Impacto do COVID-19 nos centros germinativos

Kaneko et al. 112 examinaram os linfonodos torácicos de pacientes falecidos com COVID-19 e os comparou aos de pacientes que sucumbiram a causas não relacionadas ao COVID-19. Os gânglios linfáticos e baços de pacientes com COVID-19 tinham apenas um terço do número total de células T e células B quando comparados com os controles e os centros germinativos estavam ausentes. Kaneko et al. 112 atribuíram o defeito do centro germinativo à diferenciação prejudicada de células BCL-6 + T foliculares auxiliares (T FH ), que também foram bastante reduzidas em número, embora outros estudos não tenham replicado qualquer redução nas células T FH ou respostas do centro germinativo em pacientes com COVID-19 grave. Consistente com Woodruff et al. 113, Kaneko et al. 112 também relataram níveis aumentados de células IgD  CD27  B extrafoliculares , que também são encontradas em doenças autoimunes como o LES, em suas amostras de linfonodo post-mortem e baço COVID-19. Os autores especulam que a perda de centros germinativos pode estar associada a níveis elevados de TNF em pacientes com COVID-19 grave. Em contraste, Juno et al. 114 havia relatado anteriormente níveis robustos de células T FH circulantes que reconhecem a proteína spike SARS-CoV-2, mas níveis muito mais baixos de T FH circulantescélulas que reconhecem o RBD. Um estudo de uma vacina de nanopartículas lipídicas-mRNA que codifica a proteína spike SARS-CoV-2 em camundongos mostrou indução muito eficiente de centros germinativos e a geração de células T FH específicas para o antígeno, sugerindo que a vacinação pode superar a imunização natural em alguns casos 115 .

Agosto de 2020

Terapia de plasma convalescente

O plasma convalescente, que foi um dos primeiros medicamentos a ser usado no tratamento compassivo de pacientes, recebeu uma autorização de uso de emergência do FDA em 23 de agosto de 2020. Em março de 2020, Shen et al. 116 relataram que cinco pacientes com COVID-19 com síndrome do desconforto respiratório agudo apresentaram melhora clínica após receber plasma convalescente, com três recebendo alta. No entanto, um RCT aberto de plasma convalescente em 103 pacientes com COVID-19 grave ou com risco de vida não mostrou benefícios significativos, conforme relatado em junho de 2020 (ref. 117) Além disso, um estudo multicêntrico aberto de plasma convalescente na Índia não mostrou quaisquer benefícios em termos de melhora clínica ou mortalidade em 28 dias quando comparado com o tratamento padrão em um estudo de 464 pacientes com doença COVID-19 moderada. No entanto, o estudo teve várias limitações, sendo a mais importante que não mediu os títulos de anticorpos anti-SARS-CoV-2 no plasma de doadores 118 . Em setembro de 2020, um estudo retrospectivo de 39 pacientes com COVID-19 grave ou com risco de vida no Hospital Mount Sinai, Nova York, EUA, mostrou um efeito positivo do tratamento com plasma convalescente quando os soros de doadores foram testados para anti-SARS-CoV-2 aumentar títulos de IgG de ≥1: 320 (ref. 119) Em consonância com isso, um ECR de plasma convalescente com altos títulos de IgG contra SARS-CoV-2 em pacientes idosos dentro de 72 horas após o início dos sintomas leves de COVID-19 foi encontrado para reduzir a doença respiratória grave 120 .
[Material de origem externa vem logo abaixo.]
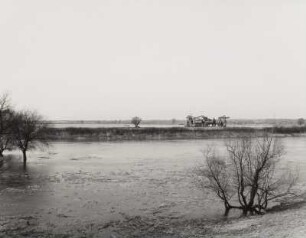 Mühlberg an der Elbe. Alte Elbe, Blick vom Deich nach Südwesten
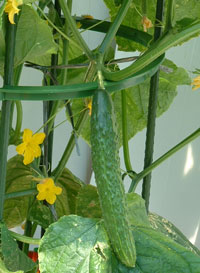 �L���E���@�n�C�|�j�J�@�ƒ�؉�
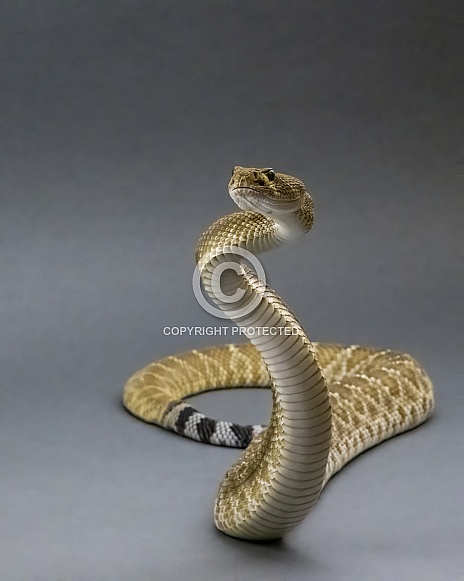 Red Diamondback Rattlesnake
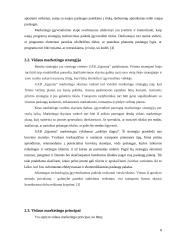 Vidaus marketingas: UAB "Egzema" 8 puslapis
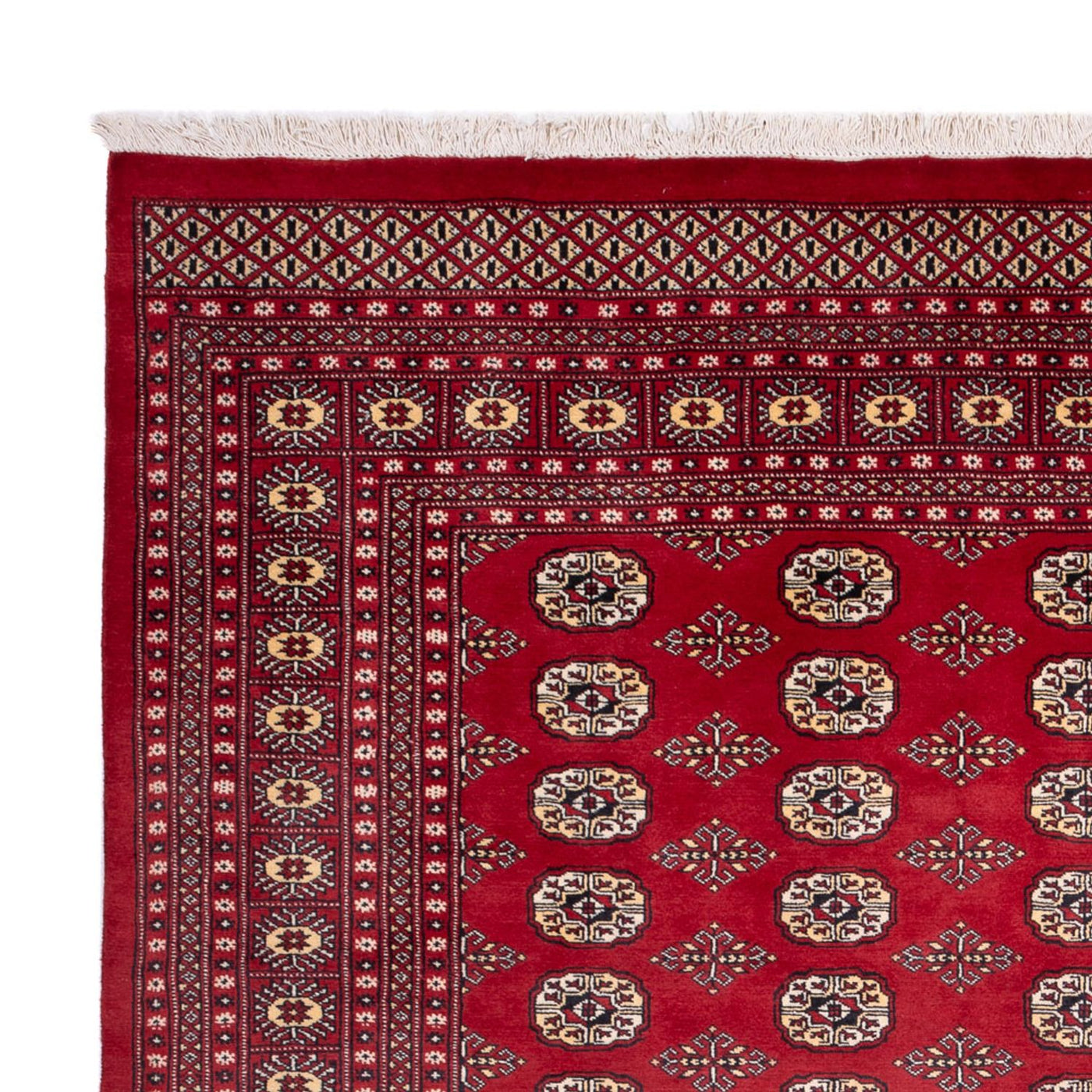 Bukhara Tapete 305x244cm - Tapete Oriental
A eficácia da maioria das terapias para COVID-19 mostrou variar muito entre os estágios da doença. Além do estágio da doença, a terapia com plasma convalescente é ainda mais complicada pelos diversos títulos de anticorpos dos soros de doadores, a falta de métodos padronizados para medir os títulos de anticorpos neutralizantes e os requisitos onerosos para coleta e transfusão de plasma. Em 15 de janeiro de 2021, o estudo RECOVERY no Reino Unido fechou o recrutamento de pacientes hospitalizados com COVID-19 para terapia de plasma convalescente com base em dados preliminares de 1.873 mortes relatadas entre 10.406 pacientes randomizados, que mostraram que a terapia de plasma convalescente não mostrou nenhuma diferença significativa em termos de o desfecho primário de mortalidade em 28 dias 121 .

Setembro-outubro de 2020

Autoanticorpos em adultos com COVID-19

Além de crianças com MIS-C, anticorpos autorreativos também foram observados em pacientes adultos com COVID-19. Por exemplo, os pacientes mostraram ter níveis aumentados de autoanticorpos que são encontrados em doenças reumáticas, incluindo anticorpos antinucleares e anticorpos anti-fator reumatóide 122 , bem como anticorpos para anexina A2 (ref. 123) As células B circulantes em pacientes gravemente enfermos com COVID-19 são fenotipicamente semelhantes às células B extrafoliculares previamente identificadas em pacientes com doenças autoimunes, como o LES. Curiosamente, a frequência de células B extrafoliculares em pacientes com COVID-19 se correlacionou com a produção precoce de altos títulos de anticorpos neutralizantes, bem como com biomarcadores inflamatórios (como a proteína C reativa) e danos a órgãos 113 . Usando uma nova ferramenta chamada Rapid Extracellular Antigen Profiling (REAP), em dezembro de 2020, Wang et al. 124identificaram uma ampla gama de autoantígenos direcionados por anticorpos em pacientes com COVID-19 grave. Estes incluem anticorpos para citocinas, interferons, quimiocinas e leucócitos, que podem afetar diretamente a natureza da imunidade antiviral, bem como anticorpos para antígenos específicos de tecido expressos no sistema nervoso central, vasculatura, tecidos conjuntivos, tecido cardíaco, tecido hepático e trato intestinal , que poderia causar danos aos órgãos mediados por anticorpos 124 . De fato, autoanticorpos foram encontrados em pessoas com sintomas de longo prazo de COVID-19 (COVID longo) meses após a infecção 125 . Atualmente, não se sabe por quanto tempo esses autoanticorpos persistem e se eles podem levar à doença autoimune ou se os autoanticorpos têm um papel patogênico na COVID longa.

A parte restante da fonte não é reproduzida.